Decades-old Farm in Northern Arizona specializes in wildlife people can safely interact with

- Arizona is known for it's wildlife. Some of it is in the wild, and others are in world class zoos. There is, however, one small farm in Northern Arizona that specializes in wildlife people can safely interact with.

Especially if one wants to pet a deer.

"The deer farm opened in 1969," said Pat George, owner of Grand Canyon Deer Farm. "Built on Historic Route 66, which is still right here in front of the farm."

Grand Canyon Deer Farm is located just a few miles east of Williams.

"When we came in 1987, we added quite a few things. From coatimundis to wallabys to marmosets, talking birds," said George. "We have a zonkey out here now, a camel that will give you kisses. We have a very interactive place now."

George and her husband own the farm, which is also a petting zoo. Visitors are greeted by a cockatoo and a parrot.

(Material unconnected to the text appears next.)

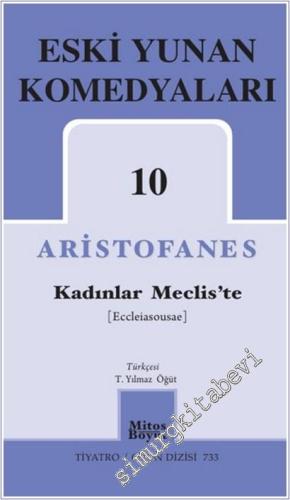 Eski Yunan Komedyaları 10 - Kadınlar Meclis'te -        2025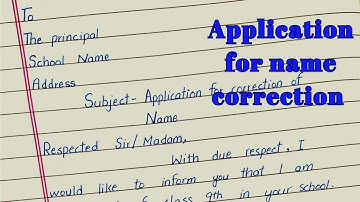 Application for Name Correction | Application to school principal for correction of name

George said the Cockatoo has been there since 1987.

"People absolutely love him," said George. "They come back just to see him."

It is the heard of fallow deer, however, that surround people young and old, as they enter a wide open area. Whether you have zoo-provided snacks to give them or a loose shirt tail, one will get plenty of attention.

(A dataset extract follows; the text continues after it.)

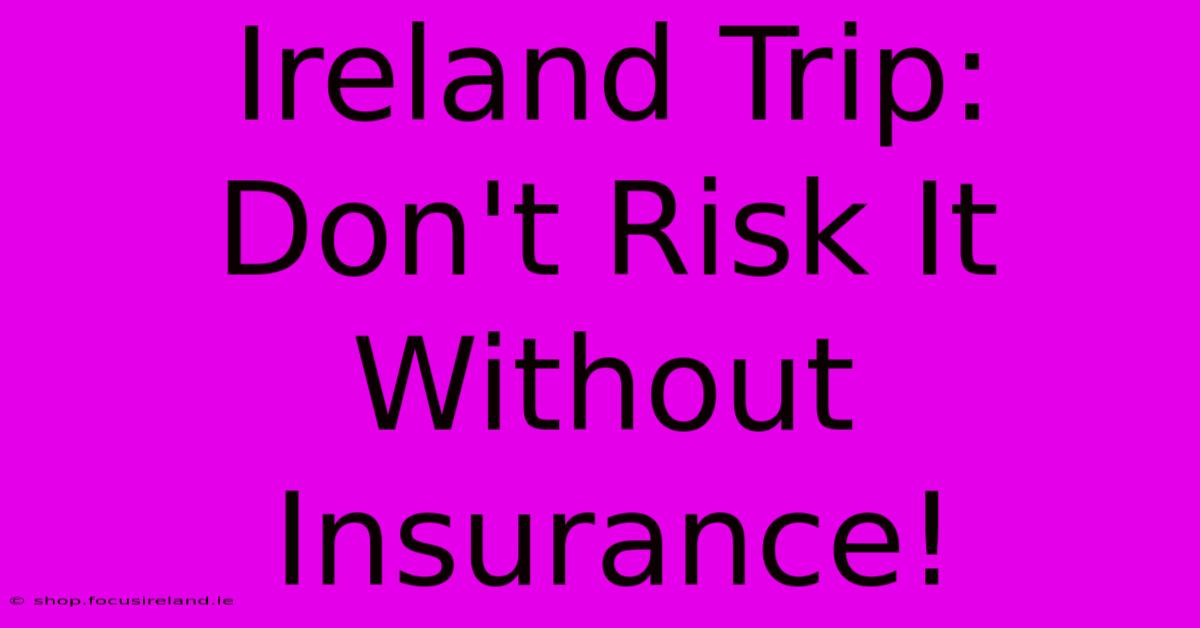 Ireland Trip:  Don't Risk It Without Insurance!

Grand Canyon Deer Farm is a zoo that keeps its owners busy.

Especially when the wallaby's are giving birth.

"One that I bottle raised last year has a Joey in pouch who accidentally fell out of the pouch, and the mother is standing there not knowing what to do," said George. "I bottled-raised that momma last year. I was able to scoop up the little three-ounce baby ,and slide down her tummy to find her pouch, and drop the baby back in the pouch. It's still in there. She lets me feel the pouch, and it's kicking and moving and everything is good."

The farm's mule deer population of three, meanwhile, jumped by six more recently.

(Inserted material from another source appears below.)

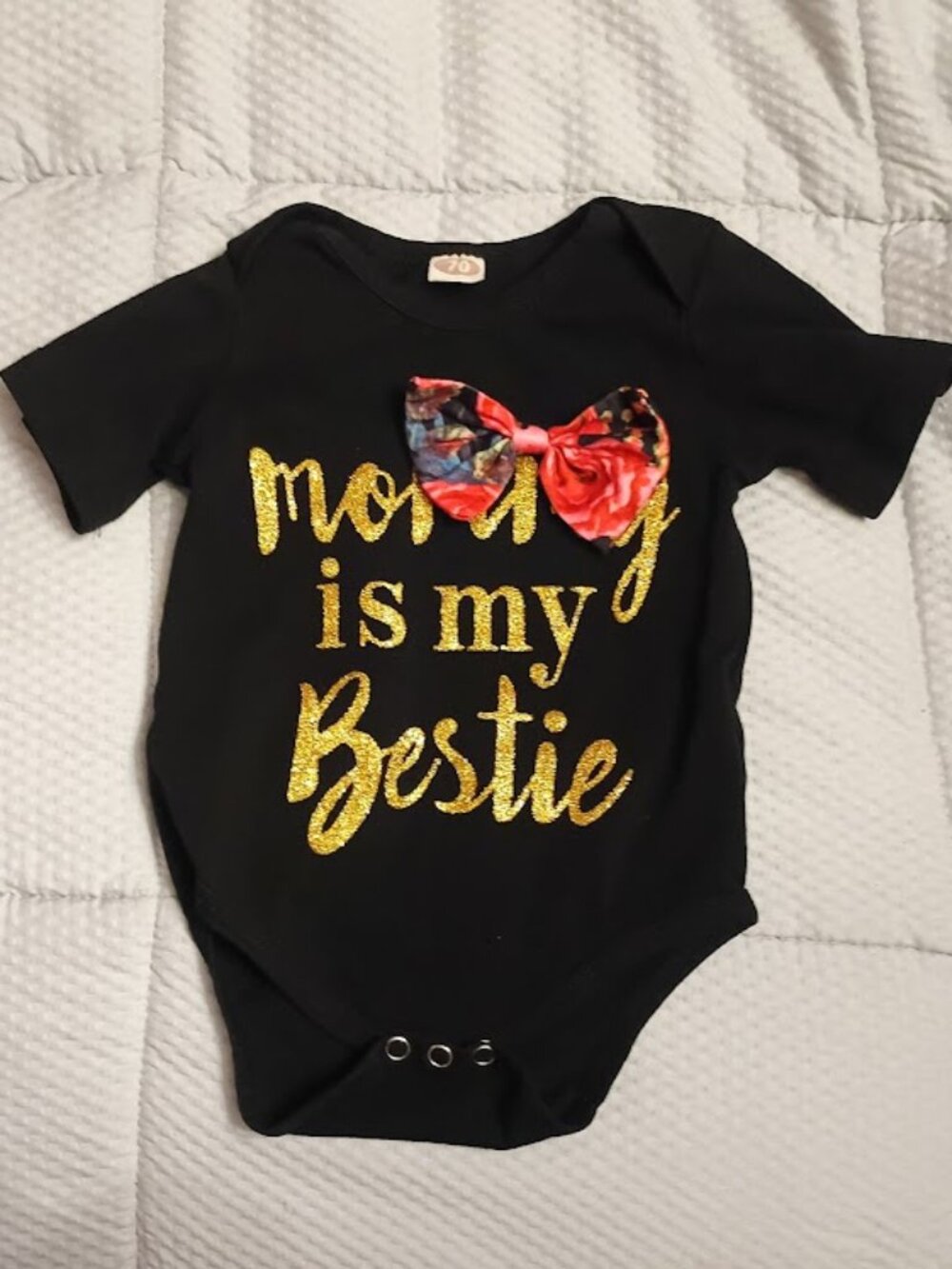Mommy is my Bestie Onesie 6-12 mos.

"People can see them through the fence, and if they come at the right time, they can bottle-feed them," said George.

The baby mule deer were rescued from the recent Goodwin fire near Mayer. They were rescued by firefighters after the blaze chased off their mothers.

"The only reason the firefighters picked up these babies is because they knew with the fire, the mothers had to flee or perish," said George.

Due to its name, the deer farm gets calls all the time from people who think they have rescued a baby deer.

"Babies laying by a tree in the woods, or even by a road in the woods, are not abandoned," said George. "Their mommas are close by, so please don't kidnap the wild babies."